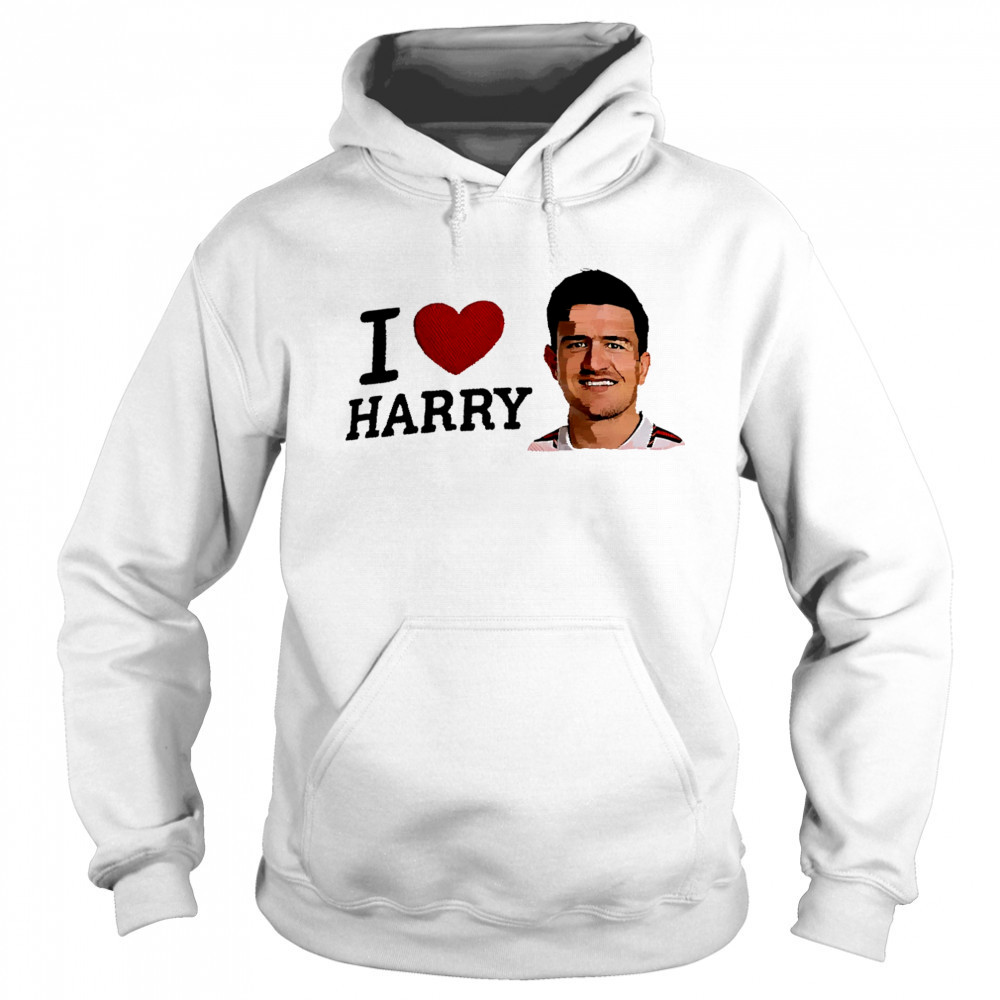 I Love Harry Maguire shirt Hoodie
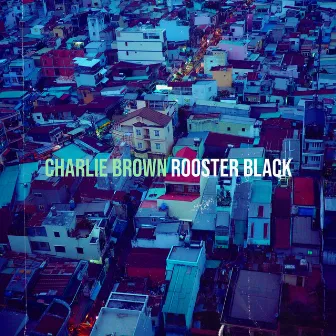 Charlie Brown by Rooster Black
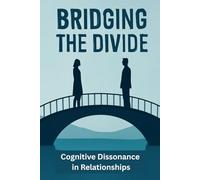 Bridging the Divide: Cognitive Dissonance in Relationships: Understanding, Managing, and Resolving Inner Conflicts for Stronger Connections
^^^^^^^^^^^^^^^^
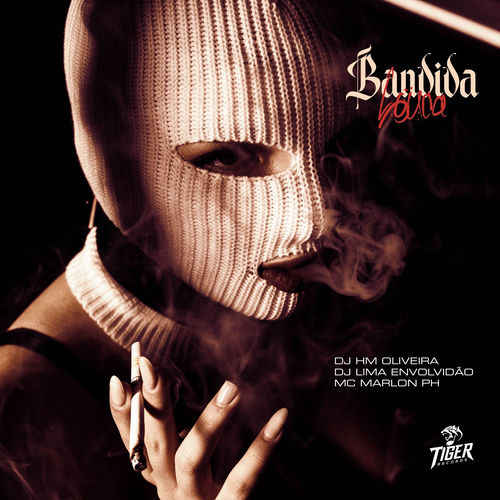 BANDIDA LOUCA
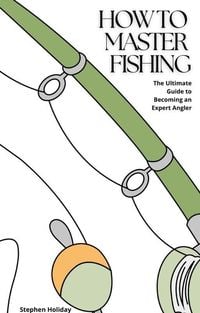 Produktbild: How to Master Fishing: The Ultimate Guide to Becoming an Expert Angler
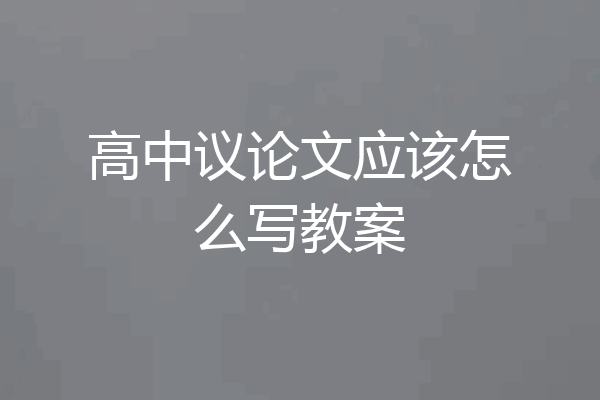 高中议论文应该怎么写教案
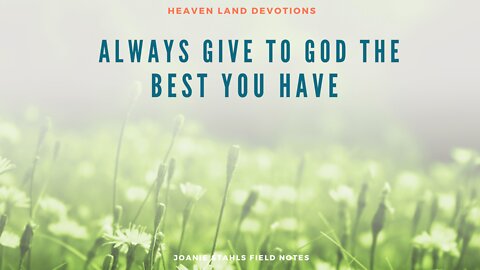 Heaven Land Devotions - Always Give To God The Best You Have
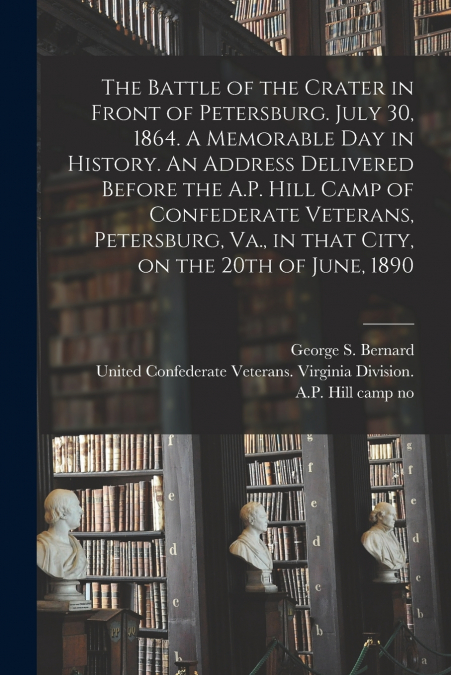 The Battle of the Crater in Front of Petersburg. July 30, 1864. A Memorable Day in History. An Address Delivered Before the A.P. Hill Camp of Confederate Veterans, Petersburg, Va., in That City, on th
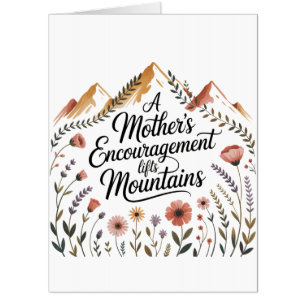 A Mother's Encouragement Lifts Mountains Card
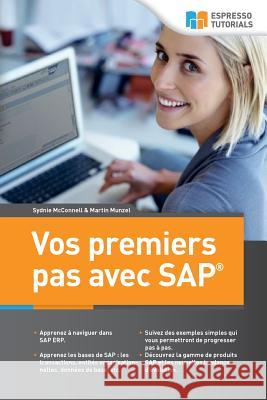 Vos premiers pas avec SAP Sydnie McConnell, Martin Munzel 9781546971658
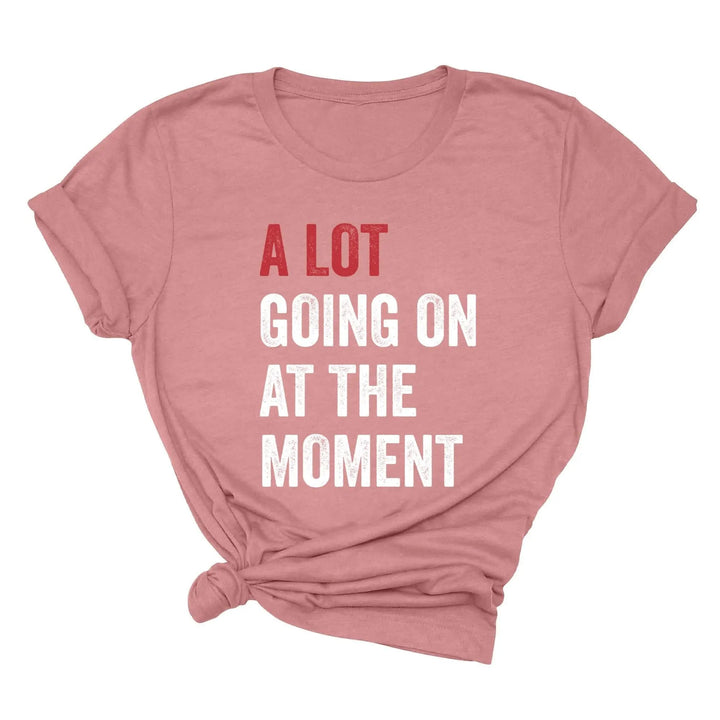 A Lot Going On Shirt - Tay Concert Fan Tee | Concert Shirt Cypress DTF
^^^^^^^^^^^^^^^^
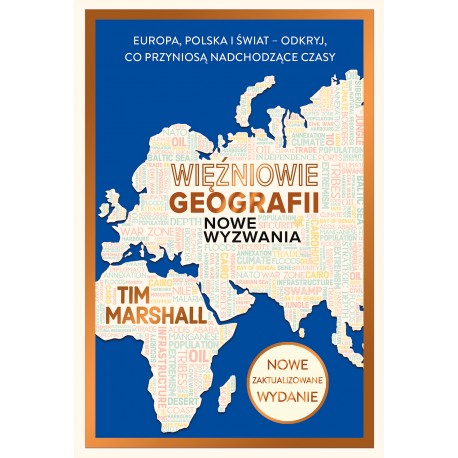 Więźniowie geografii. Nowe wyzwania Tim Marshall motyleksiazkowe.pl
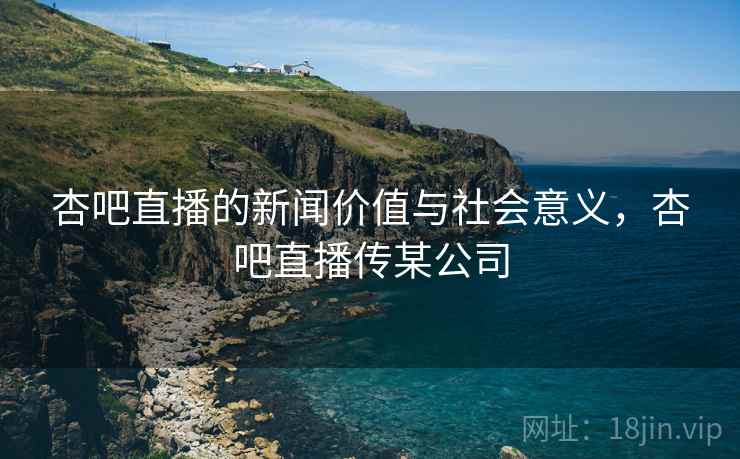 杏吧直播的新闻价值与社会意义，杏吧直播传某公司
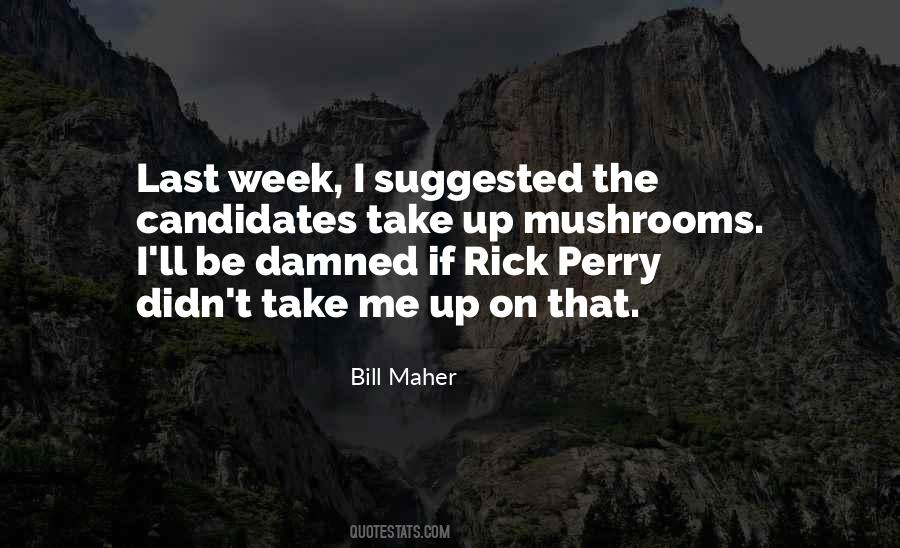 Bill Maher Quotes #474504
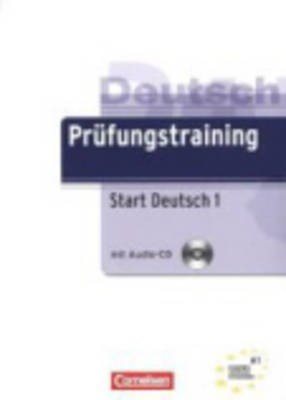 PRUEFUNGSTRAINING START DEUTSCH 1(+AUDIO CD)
^^^^^^^^^^^^^^^^
** WORK TASK **
Everything from the line above that contains "A Mother's Encouragement" down to the line that contains "A Lot Going" must be reproduced exactly, both ends included. Omit the pictures.

** RESULT OF THE TASK **
 A Mother's Encouragement Lifts Mountains Card
 Vos premiers pas avec SAP Sydnie McConnell, Martin Munzel 9781546971658
 A Lot Going On Shirt - Tay Concert Fan Tee | Concert Shirt Cypress DTF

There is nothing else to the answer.